Messes and Overcooked Soups by Chun Kai Qun [2017]
[06.05.17 — 17.06.17]
As part of this year's exhibition programme on the contemporary's recent past, Grey Projects is proud to present Messes and Overcooked Soups, a sequence of prints, drawings, ink paintings and sketchbooks completed by Chun Kai Qun in a three-year period in the 2000s.
These works were previously shown in a scattering of cafes and artist-run spaces, or have never been seen outside of a small circle of friends. Created while Chun was in the midst of his NAFA studies and in his first years of artistic practice, they evidenced a close entwining of drawing and printmaking, as well as the full range of his current interests and preoccupations with musical performance, social outcasts, poster art and popular food culture. Rather than a chronological display, the galleries are arranged to emphasise the proximate relationship between his sketches and his prints. Chun's fondness for dioramic presentations are presaged here in his smaller sketchbook, as well as in drawing-based prints such as Grass Cutter (2008), images that display its mise en scène from a wide-angled, drone's-eye view. These scenes are settings for Chun's unique theatre, populated by dramatis personae that together form a lumpen crowd, including punks, beggars, cooks, restaurant mascots and feral children. The specific dramas might be uncertain, but the emotions, captured in the vibrato of his lines in the Ronnie and Buckethead set for example, are unquestionably heightened.

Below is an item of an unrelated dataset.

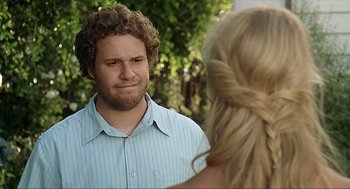 Movie still from “Knocked Up” (2007), directed by Judd Apatow – A man with curly hair and a blue striped shirt is talking to a blonde woman; Close Up shot, Over the shoulder angle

The distinctive marks of Chun's sculptural practice — the densification of materiality to its exhaustion, the preference for messiness and the intensifying of space into mood — are already present here in ways that puts into question our categorical separation of artistic production into ‘student’ and ‘professional’ work, or the practice of denoting ‘emerging’ with youth. Rather, this presentation demonstrates how these distinctive qualities emerge, if from anything at all, from the habits of drawing image and text. While Chun has had a celebrated reception for his sculptural works, most recently seen in his presentation Solid Prayers at FOST Gallery, he is also capable of an emotive quietude, as seen in his watercolour and ink works. These, including The Blacklist, mostly executed in 2006, suggest a liquid spatiality that both contains and is ready for embodied movement, the way the stage or the filmic surface is ready for the dancer or the actress. With Chun’s crowded, messier compositions as counterpoints, these spaces become latencies, in the mode of becoming vibrational fields, with the potential to transform into excessive, chaotic, even truculent expanses.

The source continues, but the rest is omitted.